The conception of prayer effecting by intercession the "reprieve" of a
sinner is distinctly Roman Catholic. Again, the context seems to prevent
us reading Helena as the mentioned "angel," since the Countess' steward
has just spoken of the impossibility of pursuing and overtaking Helena,
who seems to be intent on her own death (17). In the absence of a human
means of preventing her, the Countess turns to a supernatural means for
solution. Helena's mediation is no longer possible. Therefore the
Countess desperately imagines another source of mediation. The lines
seem clearly to refer to a woman greater than Helena, a woman of angelic
stature, general intercessory power, and unique favor in the eyes of
heaven--that is, Mary, the mediatrix of all graces (Hunter, Comedy of
Forgiveness 12930). Even if we take the Countess' phrase "what angel" as
referring to Helena, her words are not in keeping with the Elizabethan
"Homily concerning Prayer," which informs us that
...
we must call neither vpon Angel, nor yet vpon Saint, but onely and
solely vpon GOD .... For to say that we should beleeue either in Angel
or Saint or in any other liuing creature, were mere horrible blasphemie
against GOD and his holy Word .... (Certaine Sermons 1:114)
The
tradition of Mary as mediatrix, again a notion repulsive to Reformed
theologians, was well known in Shakespeare's time.

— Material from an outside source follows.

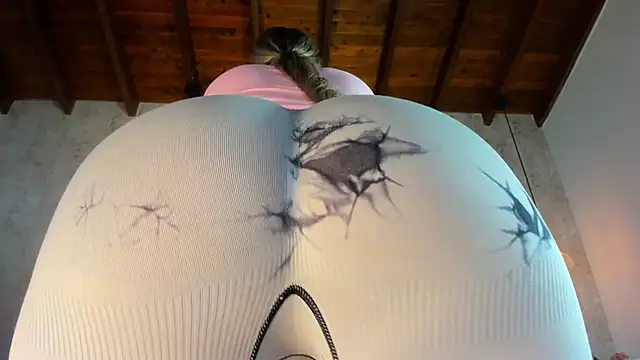 Snapshot of Marttina_Ruiz chatting on December 22, 2025, 7:33 pm Marttina Ruiz online show from December 22, 2025, 7:33 pm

At about the same
time (1608) that All's Well was written, John Donne, for example, was
writing in very similar terms about Mary as mediatrix:
As her deeds were
Our helpes, so are her prayers; nor can she sue
In vaine, who hath such titles unto you.
("A Litanie" 11.43-45; see Dubinski 18-24; Klawitter 131-33)
Donne
was aware, as his letter to Henry Goodyere indicates, that in these
lines he was striking a "via media" between Rome and Geneva, conceding
to the former praise of the saints and to the latter a "rectified
devotion" by avoiding invocation with the "of a pro nobis" refrain
(Lewalski 260-61). But Shakespeare's lines contain a more forceful
conception of intercession than Donne's: Mary's prayer is envisioned not
merely as a suing for grace, but as actually effecting a "reprieve" for
Bertram.
FINALLY,
in addition to the notion of prayer as working an effect, the
conception of satisfaction for sin is operative in Helena's intention to
do penance for the sin of her "ambitious love." She writes that she
intends "to barefoot plod.., the cold ground upon, / With sainted vow my
faults to have amended" (3.4.4-7), and when she reaches Florence, she
is brought to the other "enjoined penitents," i. e., pilgrims who have
vowed to do penance. Such physical penance is of course another form of
"works" repudiated by Reformed theologians. The notion is not confined
to All's Well; we find it also in The Winter's Tale when Cleomenes
exclaims to Leontes:
Sir, you have done enough, and have performed
A saint-like sorrow. No fault could you make
Which you have not redeemed--indeed, paid down
More penitence than done trespass. (5.1.1-4)
In
Cleomenes' eyes, "faults" and "trespasses" can be paid for and
"redeemed" by the performance of penitential deeds with ."saint-like
sorrow." Two of the three parts of the Roman Catholic sacrament of
penance--contrition, confession, and satisfaction--are here in evidence:
namely, sorrow for sin, and the redemptive power of penitential acts,
of satisfaction "paid down" for sin. This is not compatible with what we
consistently find in Luther's Babylonian Captivity of the Church,
Calvin's Institutes (see 3.4.25), Hooker's Laws of Ecclesiastical Polity
(5.5.6), and The Thirty-Nine Articles :
The
Offering of Christ once made is that perfect redemption, propitiation,
and satisfaction, for all the sins of the whole world, both original and
actual; and there is none other satisfaction for sin, but that alone.
(No. XXXI; Leith 277)
Since
Christ has made satisfaction once for all, there is no need to "pay
down" additional human satisfaction for sin. When Reformed theology
speaks of "satisfaction," it means not the performance of penitential
actions, like Helena's walking barefoot on the cold ground, but rather
something quite different: "that we cease from euill, and doe good, and
if wee haue done any man wrong, to endeauour our selues to make him true
amends" ("The second part of the Homily of Repentance" Certaine Sermons
2:269). It should be mentioned that in the interests of a "via media,"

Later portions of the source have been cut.